• _Task requirements_
Pick out the lines below that contain the string "play" and copy them all.

=== Begin Enclosure ===

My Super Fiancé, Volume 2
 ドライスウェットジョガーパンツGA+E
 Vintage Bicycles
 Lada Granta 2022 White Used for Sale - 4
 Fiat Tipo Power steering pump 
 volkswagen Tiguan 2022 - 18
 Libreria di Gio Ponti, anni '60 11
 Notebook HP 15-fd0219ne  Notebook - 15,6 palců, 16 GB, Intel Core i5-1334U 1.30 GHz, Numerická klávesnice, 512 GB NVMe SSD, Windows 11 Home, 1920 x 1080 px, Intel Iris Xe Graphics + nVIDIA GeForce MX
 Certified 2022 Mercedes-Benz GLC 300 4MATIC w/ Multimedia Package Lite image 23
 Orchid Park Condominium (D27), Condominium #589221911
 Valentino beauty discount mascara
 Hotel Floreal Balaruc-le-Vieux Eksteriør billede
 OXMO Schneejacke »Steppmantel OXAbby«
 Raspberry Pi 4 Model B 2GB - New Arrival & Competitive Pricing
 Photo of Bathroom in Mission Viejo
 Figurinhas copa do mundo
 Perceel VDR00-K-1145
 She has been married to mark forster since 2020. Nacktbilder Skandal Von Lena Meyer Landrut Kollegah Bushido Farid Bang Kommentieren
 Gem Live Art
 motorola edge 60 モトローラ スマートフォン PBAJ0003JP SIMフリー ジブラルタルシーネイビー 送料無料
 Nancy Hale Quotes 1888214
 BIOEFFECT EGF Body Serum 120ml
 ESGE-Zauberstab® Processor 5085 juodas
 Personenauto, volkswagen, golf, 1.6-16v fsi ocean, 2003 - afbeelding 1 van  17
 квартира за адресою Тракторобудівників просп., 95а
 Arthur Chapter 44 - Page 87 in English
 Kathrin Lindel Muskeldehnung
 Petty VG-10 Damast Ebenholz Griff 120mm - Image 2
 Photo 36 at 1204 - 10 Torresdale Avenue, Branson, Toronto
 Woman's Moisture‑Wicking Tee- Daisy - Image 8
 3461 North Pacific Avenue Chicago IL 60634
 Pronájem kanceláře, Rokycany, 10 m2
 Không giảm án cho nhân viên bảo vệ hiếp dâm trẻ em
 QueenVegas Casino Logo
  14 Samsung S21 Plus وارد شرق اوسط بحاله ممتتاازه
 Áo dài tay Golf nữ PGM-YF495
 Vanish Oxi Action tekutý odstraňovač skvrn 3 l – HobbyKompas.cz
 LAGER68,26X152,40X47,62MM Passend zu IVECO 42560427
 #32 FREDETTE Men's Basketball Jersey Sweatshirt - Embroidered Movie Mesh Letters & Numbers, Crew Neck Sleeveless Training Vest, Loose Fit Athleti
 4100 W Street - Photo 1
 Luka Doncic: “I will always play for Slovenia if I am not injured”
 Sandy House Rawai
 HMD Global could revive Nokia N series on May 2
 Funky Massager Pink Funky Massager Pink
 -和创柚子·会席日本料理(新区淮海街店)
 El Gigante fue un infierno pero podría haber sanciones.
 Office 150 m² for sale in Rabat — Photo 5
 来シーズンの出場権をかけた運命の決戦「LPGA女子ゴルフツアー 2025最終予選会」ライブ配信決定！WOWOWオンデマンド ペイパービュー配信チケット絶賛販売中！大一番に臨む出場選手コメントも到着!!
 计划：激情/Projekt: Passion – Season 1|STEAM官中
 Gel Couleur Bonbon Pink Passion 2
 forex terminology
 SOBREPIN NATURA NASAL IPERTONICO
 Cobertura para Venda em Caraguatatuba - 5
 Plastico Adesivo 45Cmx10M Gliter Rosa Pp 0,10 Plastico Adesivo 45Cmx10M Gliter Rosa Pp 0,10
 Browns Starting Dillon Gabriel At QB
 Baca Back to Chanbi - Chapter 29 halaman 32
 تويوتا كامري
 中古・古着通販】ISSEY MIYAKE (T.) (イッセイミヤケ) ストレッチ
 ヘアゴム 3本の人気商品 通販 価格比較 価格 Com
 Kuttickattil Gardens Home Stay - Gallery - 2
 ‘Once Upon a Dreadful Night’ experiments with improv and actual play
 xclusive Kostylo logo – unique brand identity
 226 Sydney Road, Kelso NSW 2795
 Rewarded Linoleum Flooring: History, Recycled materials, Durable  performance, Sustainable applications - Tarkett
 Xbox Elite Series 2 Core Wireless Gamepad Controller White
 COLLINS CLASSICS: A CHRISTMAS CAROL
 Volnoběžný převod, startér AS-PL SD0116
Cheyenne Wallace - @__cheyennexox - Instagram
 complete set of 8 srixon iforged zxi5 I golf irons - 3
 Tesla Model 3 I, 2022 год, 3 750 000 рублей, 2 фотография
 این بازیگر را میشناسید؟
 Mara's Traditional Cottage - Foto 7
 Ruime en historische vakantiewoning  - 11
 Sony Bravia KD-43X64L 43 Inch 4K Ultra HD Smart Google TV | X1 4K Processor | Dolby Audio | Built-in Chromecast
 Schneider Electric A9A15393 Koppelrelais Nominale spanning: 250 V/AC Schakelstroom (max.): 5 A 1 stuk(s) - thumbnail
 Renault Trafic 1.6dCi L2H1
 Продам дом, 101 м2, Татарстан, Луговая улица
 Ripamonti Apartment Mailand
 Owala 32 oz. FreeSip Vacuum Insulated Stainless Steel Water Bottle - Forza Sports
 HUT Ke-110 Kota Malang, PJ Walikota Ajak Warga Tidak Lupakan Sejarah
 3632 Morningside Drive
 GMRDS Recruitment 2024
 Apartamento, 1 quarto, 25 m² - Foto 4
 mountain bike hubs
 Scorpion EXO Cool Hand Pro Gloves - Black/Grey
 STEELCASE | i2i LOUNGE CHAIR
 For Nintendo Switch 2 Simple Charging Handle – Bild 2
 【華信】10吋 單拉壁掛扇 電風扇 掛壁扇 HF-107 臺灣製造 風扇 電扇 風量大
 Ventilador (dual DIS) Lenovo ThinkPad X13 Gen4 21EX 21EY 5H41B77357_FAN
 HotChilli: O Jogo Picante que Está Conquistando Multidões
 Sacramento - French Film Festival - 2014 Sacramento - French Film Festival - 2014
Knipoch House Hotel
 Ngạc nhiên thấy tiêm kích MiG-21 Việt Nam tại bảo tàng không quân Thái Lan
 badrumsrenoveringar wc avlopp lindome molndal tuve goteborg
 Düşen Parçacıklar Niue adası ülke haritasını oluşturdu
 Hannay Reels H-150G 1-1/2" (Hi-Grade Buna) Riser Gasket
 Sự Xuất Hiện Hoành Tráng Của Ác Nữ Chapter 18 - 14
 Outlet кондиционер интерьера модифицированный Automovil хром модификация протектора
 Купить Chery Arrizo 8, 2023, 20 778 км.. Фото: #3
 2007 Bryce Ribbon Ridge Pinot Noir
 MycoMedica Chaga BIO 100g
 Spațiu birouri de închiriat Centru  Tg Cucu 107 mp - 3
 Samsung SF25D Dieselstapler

=== End Enclosure ===

• _Response box_
 Luka Doncic: “I will always play for Slovenia if I am not injured”
 ‘Once Upon a Dreadful Night’ experiments with improv and actual play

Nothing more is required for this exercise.